## Work to be completed
Would you please repeat, word for word, only the lines from the one holding "Ikea Armadi: IKEA" through the one holding "CHALET 5 AMBIENTES – Bº LUNA" in the material below, without the pictures?

## Records for this exercise
::::

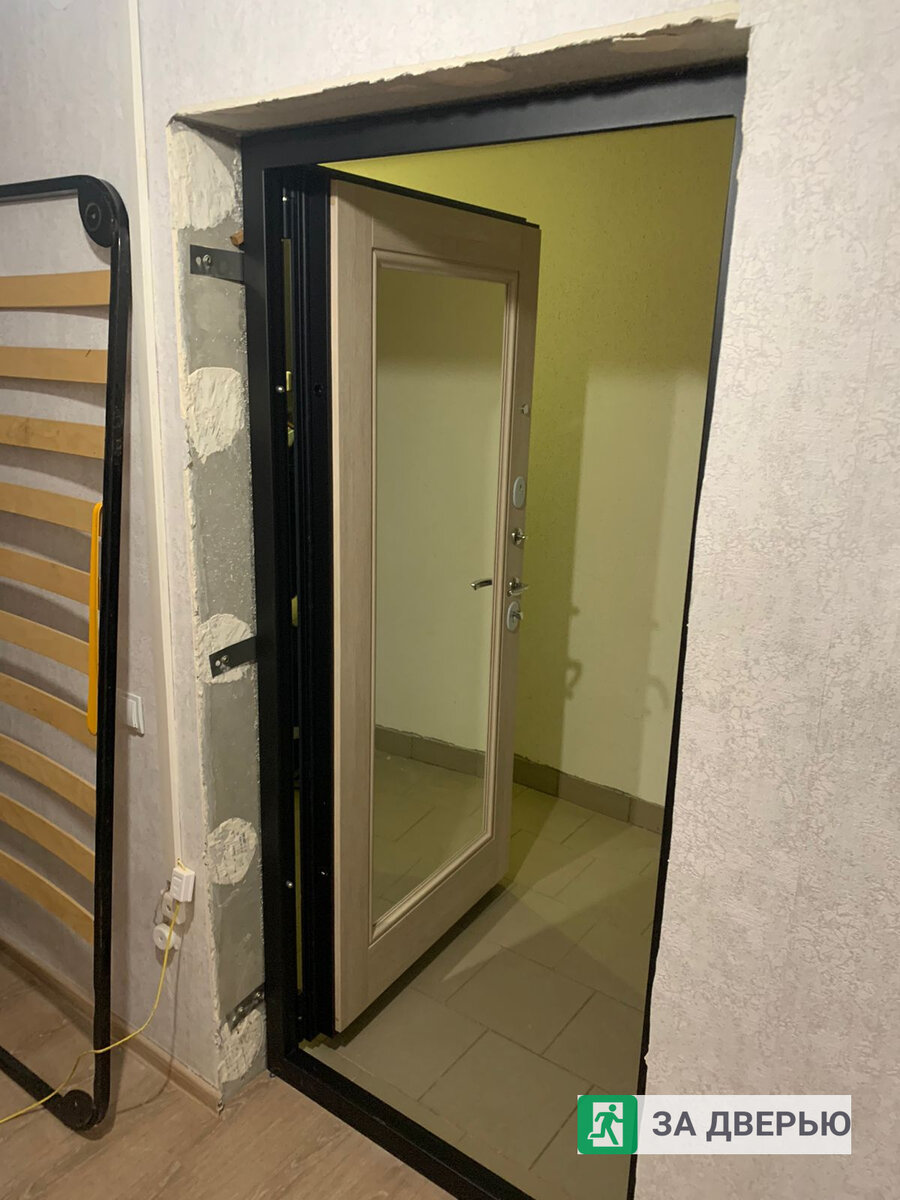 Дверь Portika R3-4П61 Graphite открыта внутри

::::

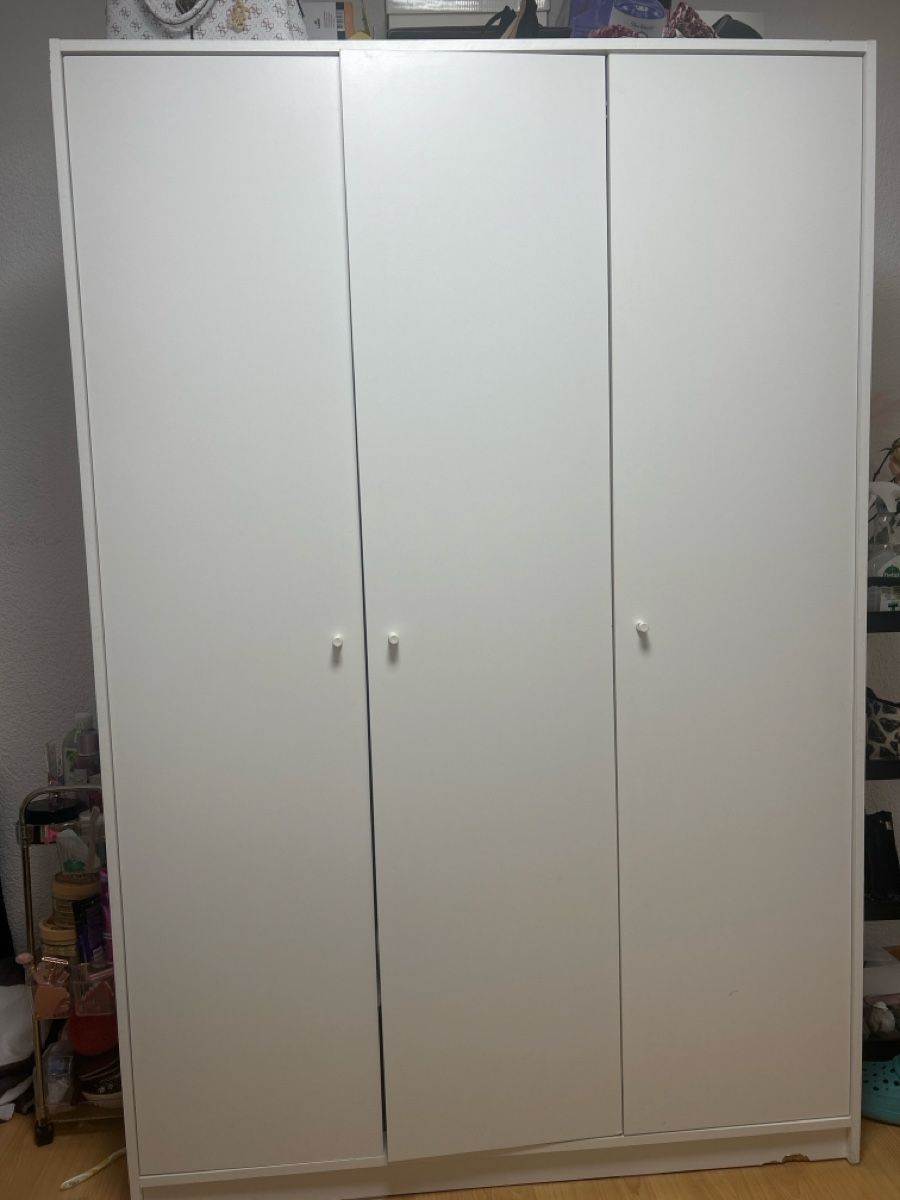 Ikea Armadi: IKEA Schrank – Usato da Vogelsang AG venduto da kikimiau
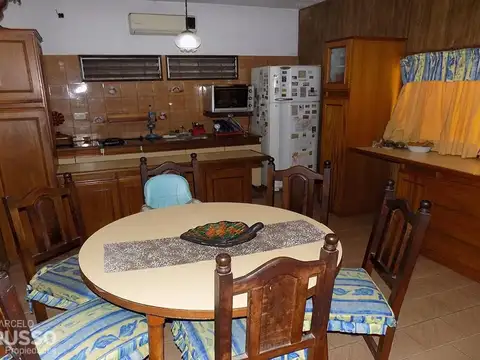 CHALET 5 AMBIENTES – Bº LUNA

::::

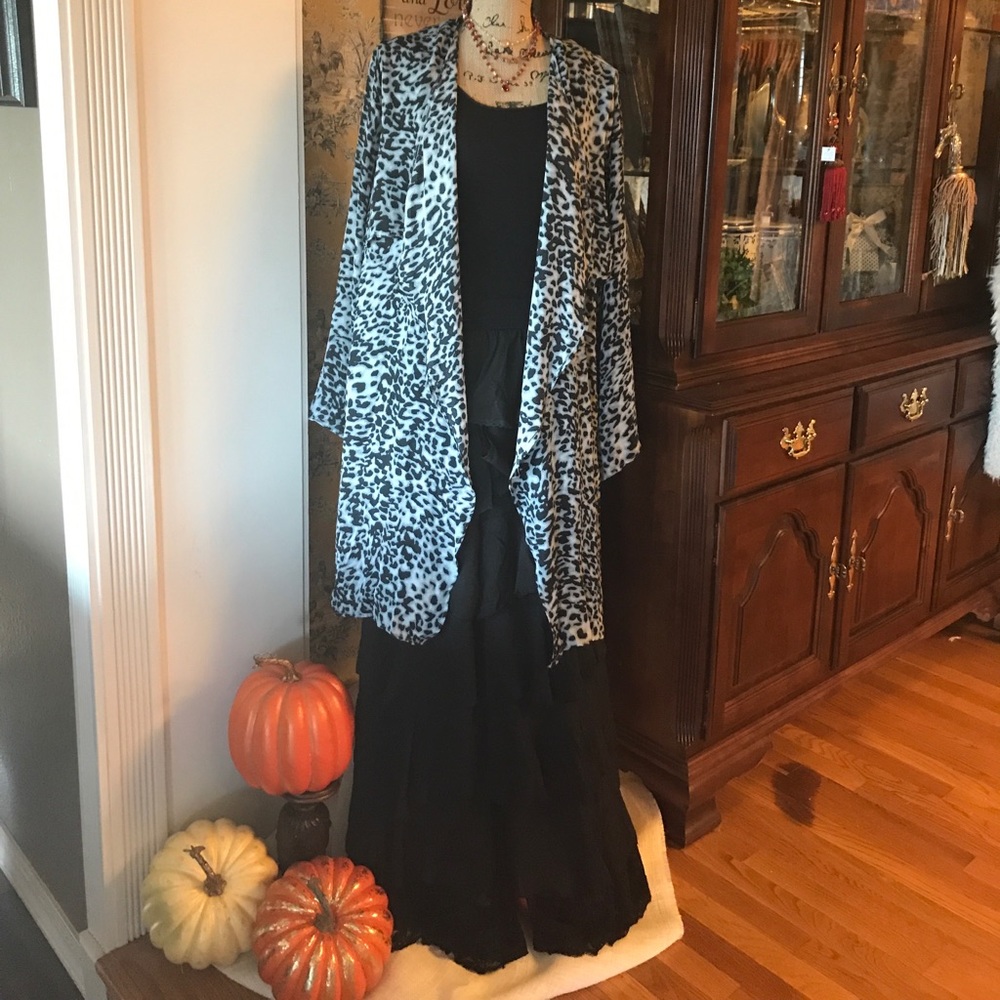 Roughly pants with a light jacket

::::

## Response box
 Ikea Armadi: IKEA Schrank – Usato da Vogelsang AG venduto da kikimiau
 CHALET 5 AMBIENTES – Bº LUNA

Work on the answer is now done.